[[ Data excerpts open ]]

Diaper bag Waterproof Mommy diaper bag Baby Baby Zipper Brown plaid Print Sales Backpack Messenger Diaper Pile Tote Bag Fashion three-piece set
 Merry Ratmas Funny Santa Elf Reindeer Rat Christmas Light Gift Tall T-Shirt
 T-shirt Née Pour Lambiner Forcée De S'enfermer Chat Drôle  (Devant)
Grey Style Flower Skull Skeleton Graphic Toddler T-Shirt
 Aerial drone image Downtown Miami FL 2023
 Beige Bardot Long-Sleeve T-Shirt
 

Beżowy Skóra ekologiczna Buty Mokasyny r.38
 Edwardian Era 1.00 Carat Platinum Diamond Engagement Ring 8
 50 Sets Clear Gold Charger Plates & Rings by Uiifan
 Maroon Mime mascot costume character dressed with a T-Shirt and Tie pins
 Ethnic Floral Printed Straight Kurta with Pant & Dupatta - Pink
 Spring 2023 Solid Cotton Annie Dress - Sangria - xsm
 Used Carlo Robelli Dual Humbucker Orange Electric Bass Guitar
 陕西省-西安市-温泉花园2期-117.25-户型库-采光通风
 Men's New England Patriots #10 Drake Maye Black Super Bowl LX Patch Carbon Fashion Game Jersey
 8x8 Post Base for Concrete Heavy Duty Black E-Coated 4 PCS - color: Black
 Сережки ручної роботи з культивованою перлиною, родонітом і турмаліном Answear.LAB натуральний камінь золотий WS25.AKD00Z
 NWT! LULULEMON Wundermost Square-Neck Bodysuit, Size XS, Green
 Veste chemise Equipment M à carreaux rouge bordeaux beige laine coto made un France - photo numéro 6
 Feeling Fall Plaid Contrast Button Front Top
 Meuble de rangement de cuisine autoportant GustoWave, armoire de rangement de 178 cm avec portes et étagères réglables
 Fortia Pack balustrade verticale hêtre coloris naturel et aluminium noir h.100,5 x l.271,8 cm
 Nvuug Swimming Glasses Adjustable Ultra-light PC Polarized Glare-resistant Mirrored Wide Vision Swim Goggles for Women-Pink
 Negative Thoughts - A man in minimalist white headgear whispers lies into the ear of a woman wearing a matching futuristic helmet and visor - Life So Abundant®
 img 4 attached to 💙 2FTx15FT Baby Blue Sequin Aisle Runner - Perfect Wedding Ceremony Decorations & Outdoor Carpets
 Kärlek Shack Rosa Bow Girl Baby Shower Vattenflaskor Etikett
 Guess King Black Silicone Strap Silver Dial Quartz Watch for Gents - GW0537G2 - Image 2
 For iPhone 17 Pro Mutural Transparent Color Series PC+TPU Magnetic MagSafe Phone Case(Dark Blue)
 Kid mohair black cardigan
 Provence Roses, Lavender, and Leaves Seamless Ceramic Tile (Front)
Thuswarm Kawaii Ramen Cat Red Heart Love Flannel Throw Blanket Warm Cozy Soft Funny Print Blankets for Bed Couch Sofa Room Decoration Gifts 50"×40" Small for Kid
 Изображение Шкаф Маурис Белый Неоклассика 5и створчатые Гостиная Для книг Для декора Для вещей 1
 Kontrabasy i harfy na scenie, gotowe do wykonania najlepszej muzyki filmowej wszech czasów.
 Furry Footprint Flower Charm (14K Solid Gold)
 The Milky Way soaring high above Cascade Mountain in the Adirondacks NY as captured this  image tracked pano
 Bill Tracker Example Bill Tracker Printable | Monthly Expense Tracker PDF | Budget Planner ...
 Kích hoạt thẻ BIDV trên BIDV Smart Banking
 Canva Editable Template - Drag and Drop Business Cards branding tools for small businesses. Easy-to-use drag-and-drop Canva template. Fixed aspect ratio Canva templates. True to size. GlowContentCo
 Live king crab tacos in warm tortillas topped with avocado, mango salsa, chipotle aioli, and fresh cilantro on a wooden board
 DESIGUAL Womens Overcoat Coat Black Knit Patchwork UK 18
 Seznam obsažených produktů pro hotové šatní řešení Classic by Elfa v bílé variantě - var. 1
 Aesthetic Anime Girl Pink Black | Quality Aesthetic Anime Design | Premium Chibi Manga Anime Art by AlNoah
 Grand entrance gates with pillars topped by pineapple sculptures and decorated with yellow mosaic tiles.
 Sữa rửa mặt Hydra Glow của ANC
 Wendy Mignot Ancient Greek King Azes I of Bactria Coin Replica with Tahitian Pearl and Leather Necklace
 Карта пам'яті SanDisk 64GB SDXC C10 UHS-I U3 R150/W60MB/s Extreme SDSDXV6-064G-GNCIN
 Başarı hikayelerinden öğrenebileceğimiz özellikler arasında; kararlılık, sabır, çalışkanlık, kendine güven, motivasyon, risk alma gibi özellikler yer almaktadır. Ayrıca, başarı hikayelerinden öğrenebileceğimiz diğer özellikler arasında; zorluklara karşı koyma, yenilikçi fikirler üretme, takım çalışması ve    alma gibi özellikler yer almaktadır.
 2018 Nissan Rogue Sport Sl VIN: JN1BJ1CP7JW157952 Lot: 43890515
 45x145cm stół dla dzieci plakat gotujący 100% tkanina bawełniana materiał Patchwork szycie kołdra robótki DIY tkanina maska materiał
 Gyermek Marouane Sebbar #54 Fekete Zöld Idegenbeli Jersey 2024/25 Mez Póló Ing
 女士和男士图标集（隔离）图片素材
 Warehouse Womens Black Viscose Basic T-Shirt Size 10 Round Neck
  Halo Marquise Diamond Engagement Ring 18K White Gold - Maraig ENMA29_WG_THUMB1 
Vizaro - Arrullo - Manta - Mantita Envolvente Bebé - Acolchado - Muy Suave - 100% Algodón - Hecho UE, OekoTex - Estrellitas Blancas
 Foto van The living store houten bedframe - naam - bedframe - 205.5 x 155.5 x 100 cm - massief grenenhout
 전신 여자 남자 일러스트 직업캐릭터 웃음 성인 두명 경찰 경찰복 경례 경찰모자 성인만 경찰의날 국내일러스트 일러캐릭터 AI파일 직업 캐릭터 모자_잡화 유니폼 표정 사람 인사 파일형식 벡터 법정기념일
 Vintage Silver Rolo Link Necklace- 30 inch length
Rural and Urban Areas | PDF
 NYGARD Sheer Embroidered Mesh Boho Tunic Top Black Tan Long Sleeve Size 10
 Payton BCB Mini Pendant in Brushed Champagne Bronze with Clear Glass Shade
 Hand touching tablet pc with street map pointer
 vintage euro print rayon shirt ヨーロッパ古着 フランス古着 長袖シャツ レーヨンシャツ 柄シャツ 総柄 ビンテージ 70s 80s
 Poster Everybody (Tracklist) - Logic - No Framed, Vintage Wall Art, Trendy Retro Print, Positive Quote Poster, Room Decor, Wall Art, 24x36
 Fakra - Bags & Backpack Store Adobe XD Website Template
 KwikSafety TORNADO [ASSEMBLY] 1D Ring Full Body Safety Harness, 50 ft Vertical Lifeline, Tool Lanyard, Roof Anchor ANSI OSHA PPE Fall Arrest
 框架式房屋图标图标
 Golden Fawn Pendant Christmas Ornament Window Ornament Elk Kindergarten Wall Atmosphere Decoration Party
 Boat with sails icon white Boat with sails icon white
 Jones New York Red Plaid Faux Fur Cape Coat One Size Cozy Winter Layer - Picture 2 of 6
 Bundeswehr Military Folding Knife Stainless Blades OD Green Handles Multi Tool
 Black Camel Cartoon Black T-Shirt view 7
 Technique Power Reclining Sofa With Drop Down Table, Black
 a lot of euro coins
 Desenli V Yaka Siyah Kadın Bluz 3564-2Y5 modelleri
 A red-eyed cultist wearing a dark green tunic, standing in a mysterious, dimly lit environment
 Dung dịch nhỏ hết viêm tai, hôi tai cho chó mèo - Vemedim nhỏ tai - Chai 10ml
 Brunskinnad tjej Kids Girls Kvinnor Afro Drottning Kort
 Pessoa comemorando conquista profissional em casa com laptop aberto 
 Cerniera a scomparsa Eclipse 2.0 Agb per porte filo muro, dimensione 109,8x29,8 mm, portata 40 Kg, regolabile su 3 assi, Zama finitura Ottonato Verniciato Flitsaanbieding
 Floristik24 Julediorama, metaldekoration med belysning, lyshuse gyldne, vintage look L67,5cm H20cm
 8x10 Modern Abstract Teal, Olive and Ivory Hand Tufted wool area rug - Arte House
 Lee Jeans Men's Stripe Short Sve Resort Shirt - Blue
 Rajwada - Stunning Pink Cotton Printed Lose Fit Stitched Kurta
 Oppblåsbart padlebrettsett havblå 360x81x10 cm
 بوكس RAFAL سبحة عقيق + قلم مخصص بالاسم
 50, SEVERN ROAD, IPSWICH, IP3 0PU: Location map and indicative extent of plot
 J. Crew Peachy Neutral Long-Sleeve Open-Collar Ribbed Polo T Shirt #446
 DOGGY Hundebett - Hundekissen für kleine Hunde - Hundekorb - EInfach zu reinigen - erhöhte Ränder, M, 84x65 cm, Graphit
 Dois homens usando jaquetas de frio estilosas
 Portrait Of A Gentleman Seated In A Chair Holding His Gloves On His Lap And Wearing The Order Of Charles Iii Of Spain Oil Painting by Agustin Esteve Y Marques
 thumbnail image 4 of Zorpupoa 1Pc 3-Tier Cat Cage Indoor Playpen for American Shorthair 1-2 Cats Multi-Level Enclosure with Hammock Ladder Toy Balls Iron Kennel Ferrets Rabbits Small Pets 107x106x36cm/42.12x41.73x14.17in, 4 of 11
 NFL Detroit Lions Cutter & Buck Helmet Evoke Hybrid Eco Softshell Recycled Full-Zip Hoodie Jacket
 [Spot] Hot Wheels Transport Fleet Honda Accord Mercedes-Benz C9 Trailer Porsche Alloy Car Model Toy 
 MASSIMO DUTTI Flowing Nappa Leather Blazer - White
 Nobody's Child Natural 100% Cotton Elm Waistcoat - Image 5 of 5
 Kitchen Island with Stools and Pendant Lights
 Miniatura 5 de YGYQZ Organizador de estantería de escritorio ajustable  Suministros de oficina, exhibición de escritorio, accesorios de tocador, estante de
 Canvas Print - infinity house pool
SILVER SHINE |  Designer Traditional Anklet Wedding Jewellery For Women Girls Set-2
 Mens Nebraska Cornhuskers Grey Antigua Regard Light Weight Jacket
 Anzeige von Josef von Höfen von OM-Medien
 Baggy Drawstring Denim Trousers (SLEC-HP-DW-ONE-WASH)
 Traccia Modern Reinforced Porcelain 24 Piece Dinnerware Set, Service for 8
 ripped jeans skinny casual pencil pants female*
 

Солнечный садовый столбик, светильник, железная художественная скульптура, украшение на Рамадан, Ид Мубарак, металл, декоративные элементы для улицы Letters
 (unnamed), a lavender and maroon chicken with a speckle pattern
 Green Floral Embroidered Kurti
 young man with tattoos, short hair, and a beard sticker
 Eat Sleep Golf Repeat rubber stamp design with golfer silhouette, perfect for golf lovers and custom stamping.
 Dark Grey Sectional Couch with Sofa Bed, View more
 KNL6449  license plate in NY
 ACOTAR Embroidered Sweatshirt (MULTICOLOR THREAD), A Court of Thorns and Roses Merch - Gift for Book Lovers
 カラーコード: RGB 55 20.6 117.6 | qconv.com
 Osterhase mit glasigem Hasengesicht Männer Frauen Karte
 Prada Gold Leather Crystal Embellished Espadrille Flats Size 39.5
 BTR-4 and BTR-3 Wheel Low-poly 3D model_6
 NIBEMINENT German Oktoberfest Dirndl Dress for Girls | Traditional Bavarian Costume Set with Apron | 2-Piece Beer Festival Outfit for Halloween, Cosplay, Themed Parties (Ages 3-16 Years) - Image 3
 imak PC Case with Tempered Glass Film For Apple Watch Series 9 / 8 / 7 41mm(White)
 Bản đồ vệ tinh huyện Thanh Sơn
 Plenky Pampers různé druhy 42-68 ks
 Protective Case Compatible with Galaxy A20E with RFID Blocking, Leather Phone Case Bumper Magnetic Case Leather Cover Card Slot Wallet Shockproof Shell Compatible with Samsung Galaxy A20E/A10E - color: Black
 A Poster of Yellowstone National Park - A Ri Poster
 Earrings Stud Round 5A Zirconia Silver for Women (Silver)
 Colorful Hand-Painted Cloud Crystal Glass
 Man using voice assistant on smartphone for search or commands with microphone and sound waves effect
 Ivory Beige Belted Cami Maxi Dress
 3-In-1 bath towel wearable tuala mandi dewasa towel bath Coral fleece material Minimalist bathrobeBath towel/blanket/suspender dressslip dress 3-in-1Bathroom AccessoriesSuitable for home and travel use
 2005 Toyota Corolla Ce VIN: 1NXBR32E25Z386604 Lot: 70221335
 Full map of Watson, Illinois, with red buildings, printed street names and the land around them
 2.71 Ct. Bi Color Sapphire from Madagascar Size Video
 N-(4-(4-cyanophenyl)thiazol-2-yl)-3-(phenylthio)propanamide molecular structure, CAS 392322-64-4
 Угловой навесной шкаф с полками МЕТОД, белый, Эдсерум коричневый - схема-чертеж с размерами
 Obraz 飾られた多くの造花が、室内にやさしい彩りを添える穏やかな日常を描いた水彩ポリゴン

[[ Data excerpts closed ]]

(Task):
One stretch of the lines above is wanted, from the line that contains "8x10 Modern Abstract" through the line that contains "ripped jeans skinny". Output it exactly.

(Task response):
 8x10 Modern Abstract Teal, Olive and Ivory Hand Tufted wool area rug - Arte House
 Lee Jeans Men's Stripe Short Sve Resort Shirt - Blue
 Rajwada - Stunning Pink Cotton Printed Lose Fit Stitched Kurta
 Oppblåsbart padlebrettsett havblå 360x81x10 cm
 بوكس RAFAL سبحة عقيق + قلم مخصص بالاسم
 50, SEVERN ROAD, IPSWICH, IP3 0PU: Location map and indicative extent of plot
 J. Crew Peachy Neutral Long-Sleeve Open-Collar Ribbed Polo T Shirt #446
 DOGGY Hundebett - Hundekissen für kleine Hunde - Hundekorb - EInfach zu reinigen - erhöhte Ränder, M, 84x65 cm, Graphit
 Dois homens usando jaquetas de frio estilosas
 Portrait Of A Gentleman Seated In A Chair Holding His Gloves On His Lap And Wearing The Order Of Charles Iii Of Spain Oil Painting by Agustin Esteve Y Marques
 thumbnail image 4 of Zorpupoa 1Pc 3-Tier Cat Cage Indoor Playpen for American Shorthair 1-2 Cats Multi-Level Enclosure with Hammock Ladder Toy Balls Iron Kennel Ferrets Rabbits Small Pets 107x106x36cm/42.12x41.73x14.17in, 4 of 11
 NFL Detroit Lions Cutter & Buck Helmet Evoke Hybrid Eco Softshell Recycled Full-Zip Hoodie Jacket
 [Spot] Hot Wheels Transport Fleet Honda Accord Mercedes-Benz C9 Trailer Porsche Alloy Car Model Toy 
 MASSIMO DUTTI Flowing Nappa Leather Blazer - White
 Nobody's Child Natural 100% Cotton Elm Waistcoat - Image 5 of 5
 Kitchen Island with Stools and Pendant Lights
 Miniatura 5 de YGYQZ Organizador de estantería de escritorio ajustable  Suministros de oficina, exhibición de escritorio, accesorios de tocador, estante de
 Canvas Print - infinity house pool
SILVER SHINE |  Designer Traditional Anklet Wedding Jewellery For Women Girls Set-2
 Mens Nebraska Cornhuskers Grey Antigua Regard Light Weight Jacket
 Anzeige von Josef von Höfen von OM-Medien
 Baggy Drawstring Denim Trousers (SLEC-HP-DW-ONE-WASH)
 Traccia Modern Reinforced Porcelain 24 Piece Dinnerware Set, Service for 8
 ripped jeans skinny casual pencil pants female*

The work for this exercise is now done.